After the Los Angeles Times published an article about a cover up of violence by Los Angeles County sheriff’s deputies, Los Angeles County Sheriff Alex Villanueva insinuated that the author of the article should be subject to an investigation into the leaked footage.
Los Angeles Times reporter Alene Tchekmedyian reported on an attempted cover up of an incident that occurred in March 2021 in which a Los Angeles County deputy knelt on the head of a handcuffed inmate for three minutes. The cover up was done to avoid backlash similar to backlash of the excessive use of force by police officers that led to the death of George Floyd in Minneapolis on May 25, 2020, according to the article.
In response to this, Villanueva held a press conference on April 26 to dispute the allegations and to announce a criminal investigation into how the footage that was leaked and appeared in the L.A. Times article. While announcing the criminal investigation, Villanueva had a board reading “What did they know and when did they know it?” and pointed to photos of Eliezer Vera, who is running against Villanueva for sheriff; Max Huntsman, Los Angeles County inspector general; and Tchekmedyian. Villanueva said that the footage was stolen property and that all parties are subject to criminal investigation, according to the Associated Press.
This is a clear attack on his opponents and especially on Tchekmedyian, who only did her job as a reporter. Launching a criminal investigation involving the reporter is a clear attack on the First Amendment freedom of the press and an attempt to criminalize and silence news reporting.
Freedom of the press is a cornerstone of our democracy and any attempt to limit, suppress or threaten this freedom is an infringement on the rights set forth in the Constitution. The purpose of the press is to hold the government and those in power accountable, and that especially includes Villanueva.
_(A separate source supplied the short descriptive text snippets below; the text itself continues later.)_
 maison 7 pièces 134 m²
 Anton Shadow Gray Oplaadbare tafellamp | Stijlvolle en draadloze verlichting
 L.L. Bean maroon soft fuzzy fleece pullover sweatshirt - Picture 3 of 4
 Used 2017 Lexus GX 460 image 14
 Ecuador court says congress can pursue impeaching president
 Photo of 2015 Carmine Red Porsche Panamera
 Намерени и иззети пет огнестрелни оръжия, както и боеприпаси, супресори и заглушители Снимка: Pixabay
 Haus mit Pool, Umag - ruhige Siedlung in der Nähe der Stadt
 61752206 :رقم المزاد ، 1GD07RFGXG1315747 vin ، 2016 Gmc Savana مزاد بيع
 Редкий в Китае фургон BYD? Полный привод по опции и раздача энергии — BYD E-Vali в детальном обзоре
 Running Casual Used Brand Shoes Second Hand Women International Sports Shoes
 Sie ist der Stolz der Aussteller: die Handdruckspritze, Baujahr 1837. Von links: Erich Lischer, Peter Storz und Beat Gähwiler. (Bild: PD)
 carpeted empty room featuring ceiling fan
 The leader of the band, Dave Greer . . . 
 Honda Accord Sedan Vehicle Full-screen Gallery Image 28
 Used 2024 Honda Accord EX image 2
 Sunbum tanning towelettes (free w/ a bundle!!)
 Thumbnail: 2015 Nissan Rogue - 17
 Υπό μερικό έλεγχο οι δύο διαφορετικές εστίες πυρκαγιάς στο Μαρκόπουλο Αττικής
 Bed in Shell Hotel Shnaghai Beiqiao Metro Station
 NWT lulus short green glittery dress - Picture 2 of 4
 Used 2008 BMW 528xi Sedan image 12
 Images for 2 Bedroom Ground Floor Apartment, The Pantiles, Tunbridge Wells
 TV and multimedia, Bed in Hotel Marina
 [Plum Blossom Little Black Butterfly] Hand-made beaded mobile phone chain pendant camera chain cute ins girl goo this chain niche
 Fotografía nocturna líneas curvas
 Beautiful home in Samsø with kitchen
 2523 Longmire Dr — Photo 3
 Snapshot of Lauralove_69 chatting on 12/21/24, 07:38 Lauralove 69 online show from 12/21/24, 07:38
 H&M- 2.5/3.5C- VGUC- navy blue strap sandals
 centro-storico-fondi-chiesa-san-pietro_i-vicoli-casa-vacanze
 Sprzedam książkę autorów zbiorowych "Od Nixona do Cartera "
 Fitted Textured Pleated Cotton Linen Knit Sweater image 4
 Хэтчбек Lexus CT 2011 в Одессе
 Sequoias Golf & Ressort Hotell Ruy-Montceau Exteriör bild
Not only is this a clear attack on Tchekmedyian’s rights as a reporter, but her using the footage she obtained is far from illegal.
A journalist cannot be punished for publishing illegally obtained information or documents if the journalist themself did not commit anything illegal, according to the Freedom Forum Institute.
This also would not be the first attack on journalists from the Los Angeles County Sheriff’s Department.
During the protests in 2020, Josie Huang, a reporter for KPCC radio, was arrested while filming an arrest. Despite Villanueva saying she was not identified as a journalist, her footage shows her yelling to the officers that she is part of the press, according to the Associated Press.
That same night, photojournalist Nash Baker was threatened by sheriff’s deputies covering the same protest as Huang, according to CBS.
Villanueva and the rest of his department need to be held accountable for their repeated and clear attacks on journalists simply doing their job in an attempt to inform the public. Villanueva insinuating that Tchekmedyian should be investigated for doing her job has no business in a democracy that prides itself on the freedom of the press.